As the sunset date draws ever closer for the EB-5 Immigrant Investor Program, its supporters have presented a reform bill to congress. The bill seeks a long-term reauthorisation of the program along with reformation in the interest of national security and fraud prevention.
The not-for-profit trade association, IIUSA (Invest In USA) announced that Senator Chuck Grassley, a ranking member for the Senate Judiciary Committee, and its former chairman Patrick Leahy submitted a reform bill to congress. Addressing issues of fraud and risks to national security, the EB-5 Reform and Integrity Act of 2021aims to counter attempts to exploit weaknesses in the program.
The EB-5 has entered its 30th year, and in that time has accrued $41 billion in capital investment and created more than 820,000 jobs for US workers. The Coalition to Save and Create Jobs (CSJC) and the IIUSA applauded the Senators for their work in trying to save what has been the most economically successful immigration program in US history.
Whilst the initial aim of the program was to benefit areas identified for investment, for the past decade it seemed to only benefit wealthier areas. This abuse has led the investment away from the rural areas it was initially supposed to benefit.
Both President Obama and Trump took measures to restore incentives in rural investment, the figures still point to manipulation by developers.
The reform bill would offer more transparency allowing for investment to reach the TEAs (Targeted Employment Area) as intended.
With the reform, came a plea to Congress for a long-term reauthorisation of the program.

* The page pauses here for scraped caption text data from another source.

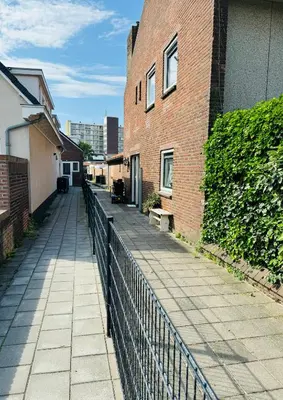 a sidewalk next to a brick building with a fence at Zomerhuis - Gratis parkeren! in Noordwijk aan Zee
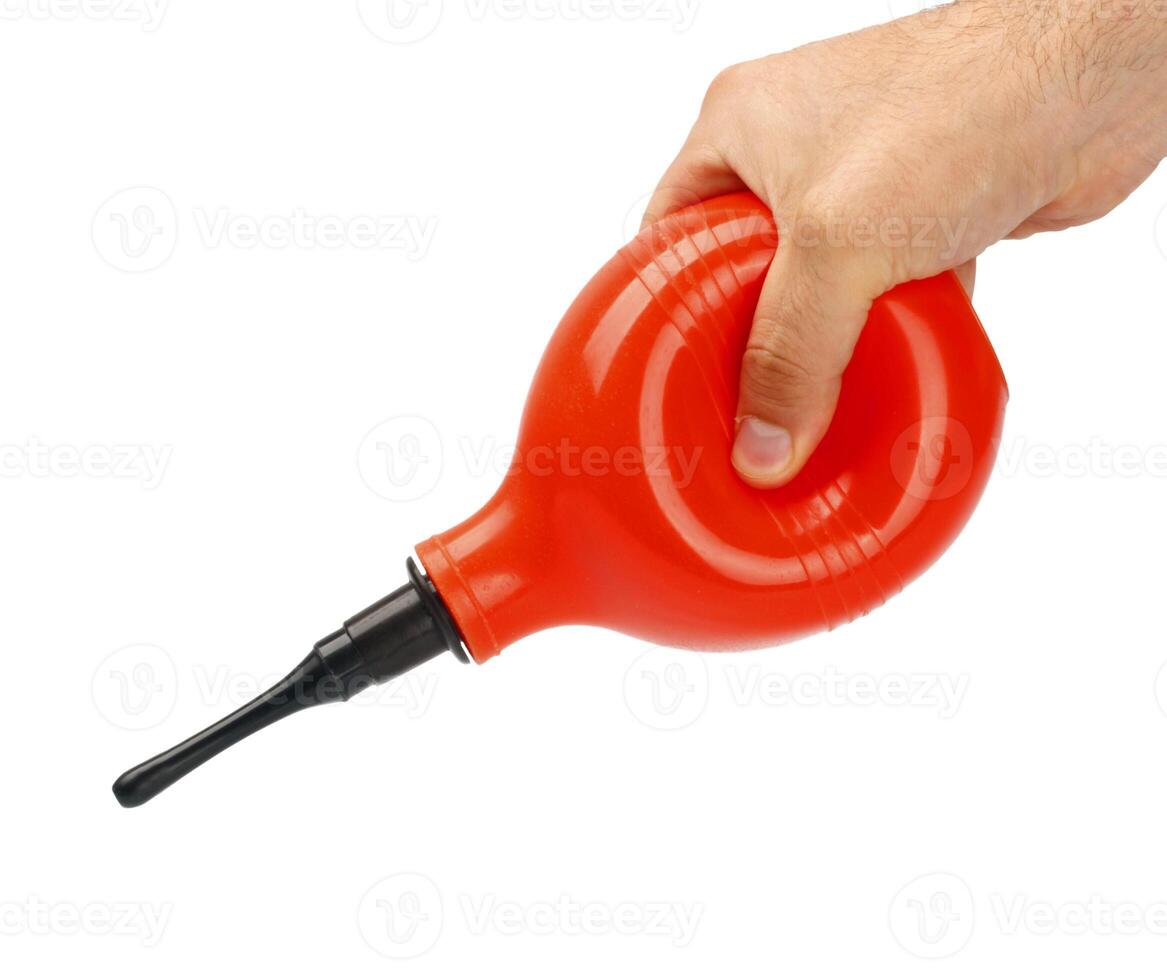 A person holding a red plastic tube with a black handle photo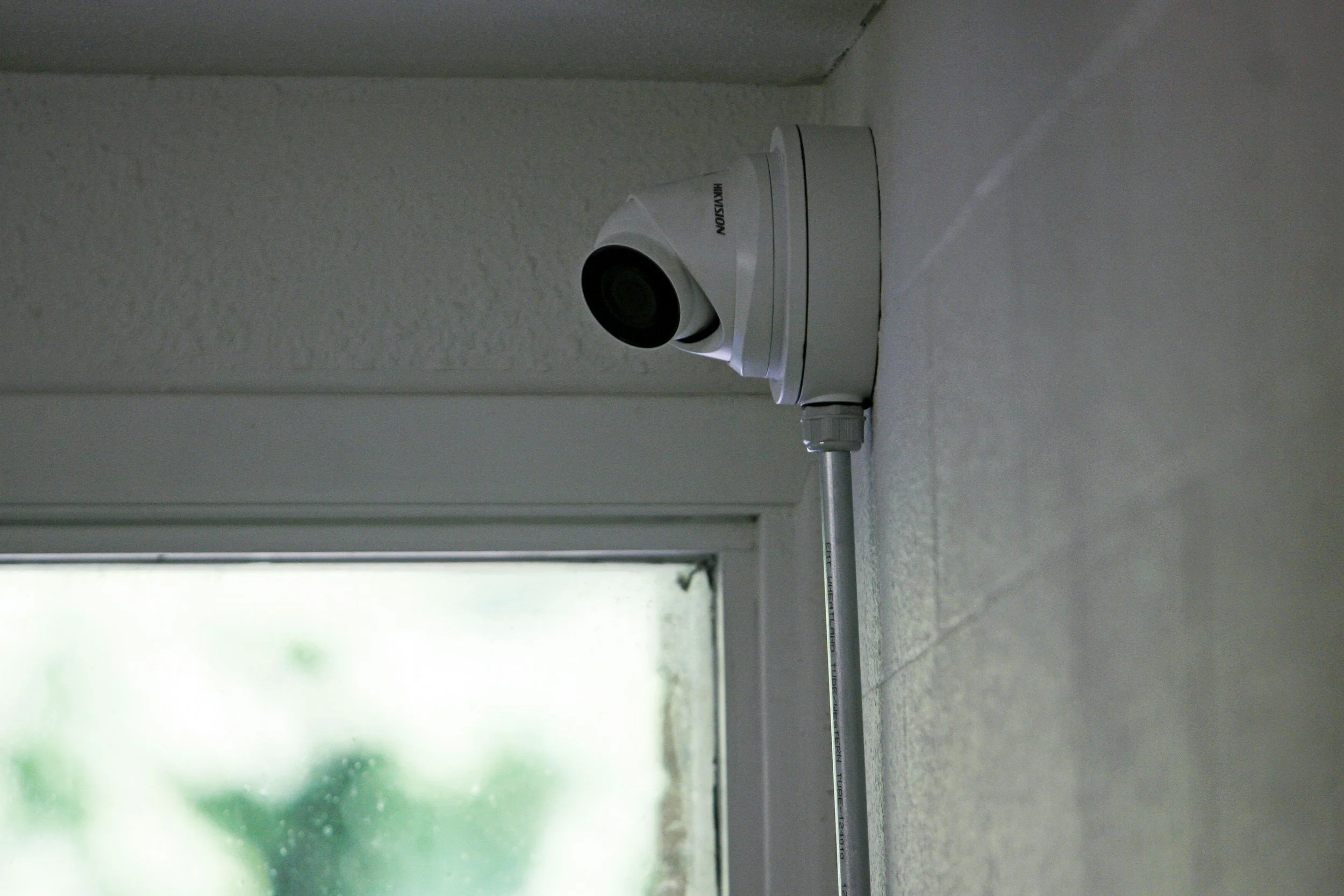 Security camera mounted on wall near window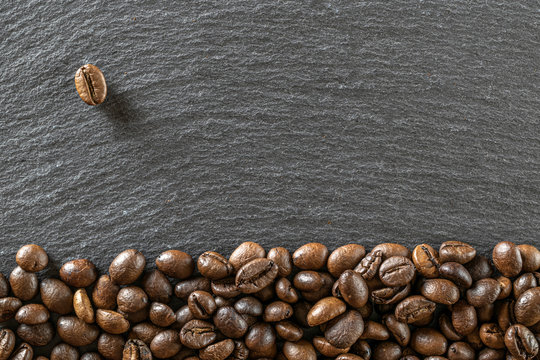 Black coffee background. Caffeine espresso beans for breakfast dark drink in cup. Cafe food. Assorted ground and instant brown roasted coffee seeds on stone. Copy space, top view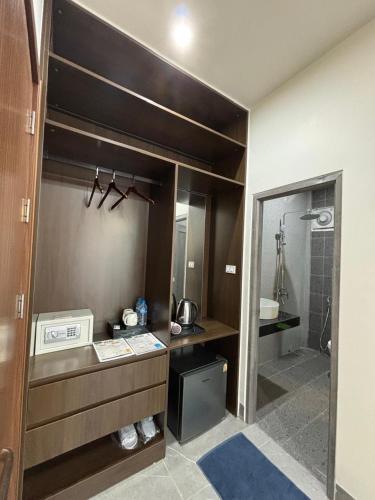 a bathroom with a sink and a shower at Tulip Elegant Riverside Hotel in Vang Vieng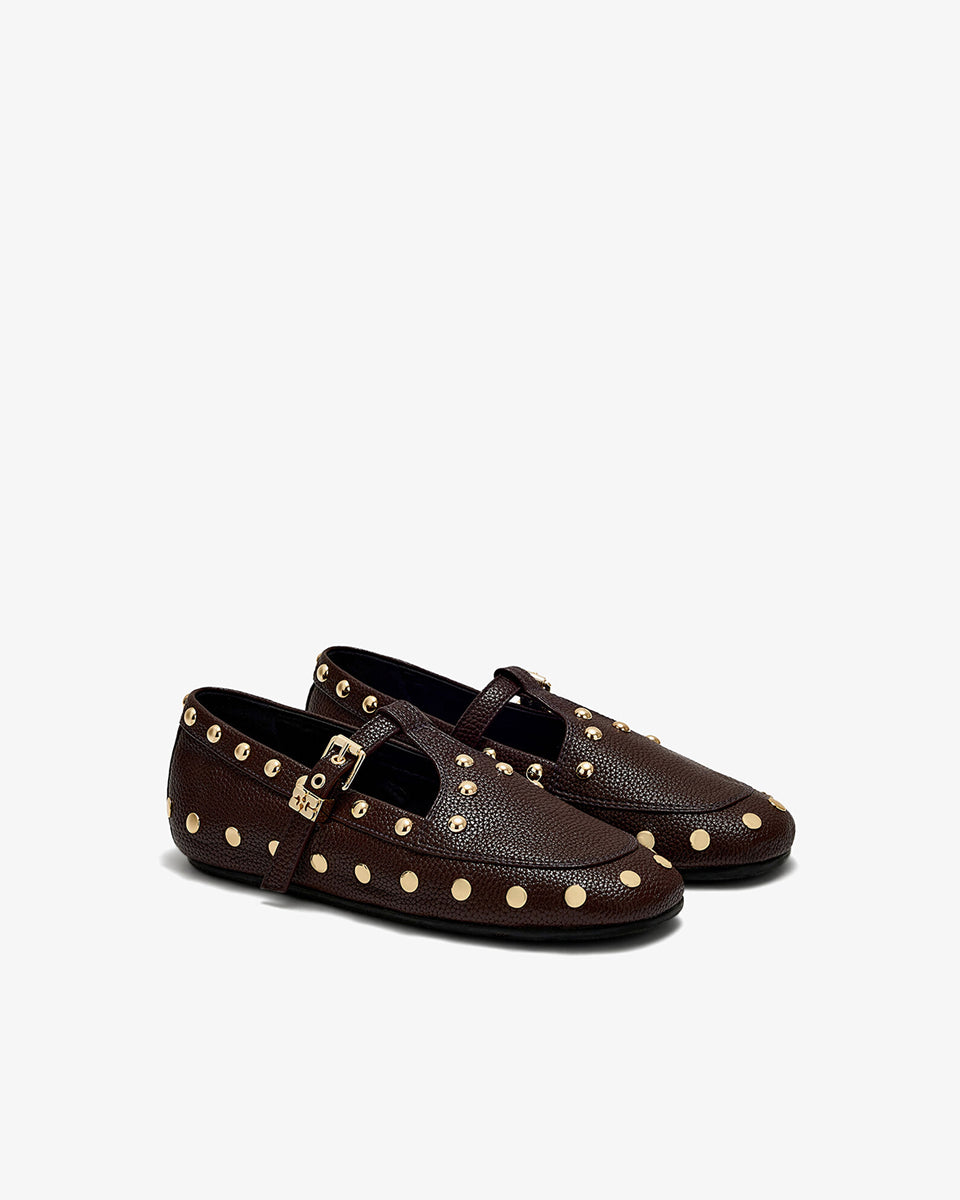 Płaskie, ciemnobrązowe mokasyny Mary Jenny Studs GANNI Chicory Coffee o zaokrąglonych noskach. Cholewkę zdobią liczne, gęsto rozmieszczone złote piny (ćwieki). Posiadają regulowane paski zapinane na złotą klamrę zakończoną charakterystycznym logo GANNI Butterfly po zewnętrznej stronie stopy. Buty mają wyraźną, groszkowaną fakturę. Rozmiarówka jest standardowa, a wysokość obcasa to 0,7 cm.

-Standardowa rozmiarówka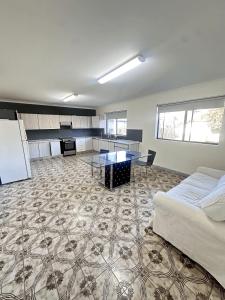 a bedroom with a bed and a table in a room at Spacious Queen Room in Comfortable Two Story House - L2 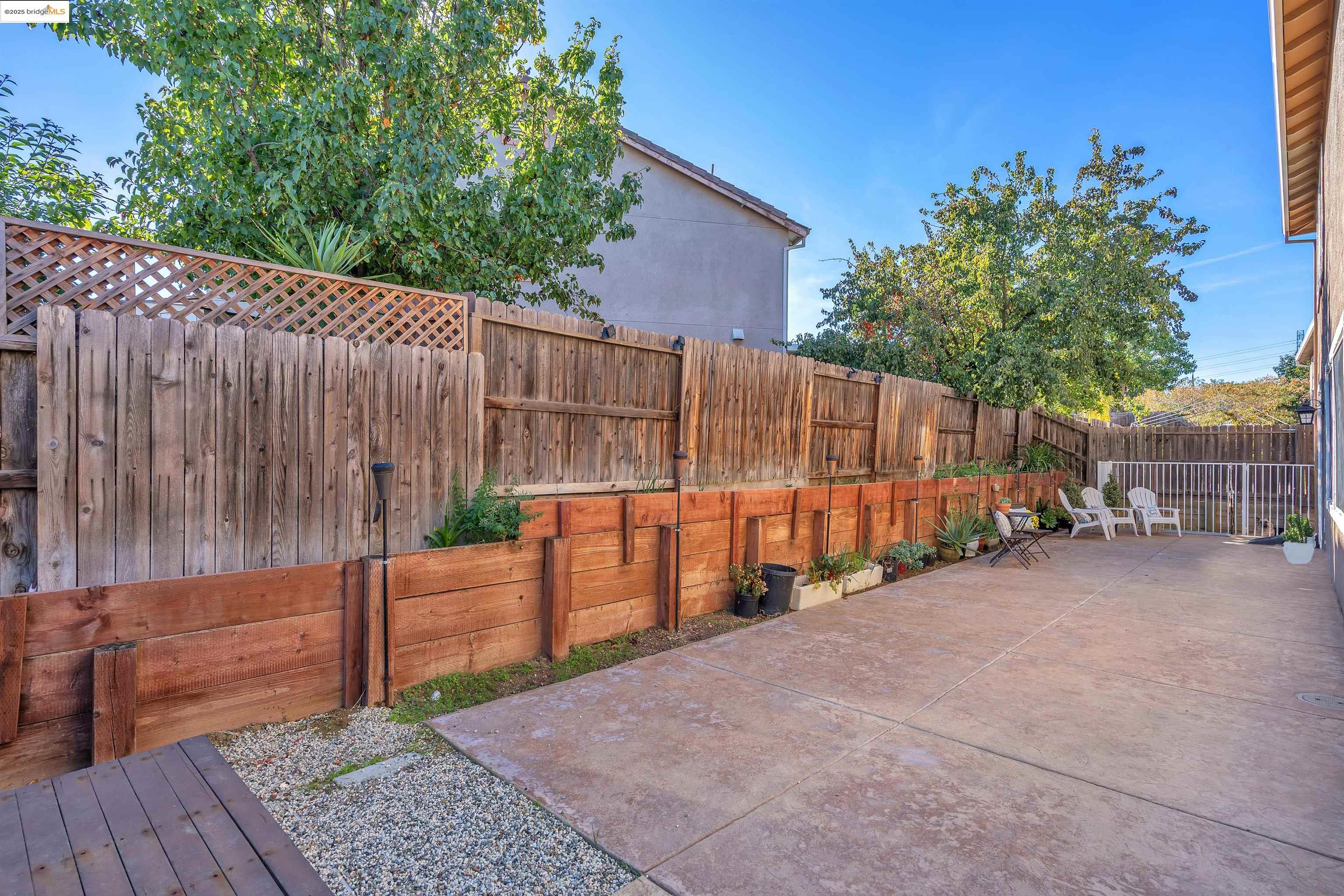 166 Rangewood Drive Pittsburg, CA 94565 - Photo 37 of 42 a view of a backyard with wooden fence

The bill has backing from trade associations, mayoral offices across many states, chambers of commerce, economic development organisations, and health care facilities among others. If reauthorised the program could have continued to benefit good faith immigrants as well as good faith Regional Centers and the US economy.
The bill looked to reduce the risk of fraud and national security breaches by investors through the introduction of additional disclosure requirements. Regional Centers would also come under more scrutiny with stricter rules and certification for compliance.
As of this past week, the bill was not passed in Senate and therefore the program will not be reauthorized passed June 30th. In effect, this means that the Regional Center program will expire while the direct investment program will continue to live on. For the time, there is no news as to whether and when the program will be reauthorized although the hope is there that the government will step in to save previous investors and immigrants from a potential downfall in their application process by reauthorizing some form of the program. Whether the price will change, Targeted Employment Areas will change, or integrity measures will be introduced is yet to be seen.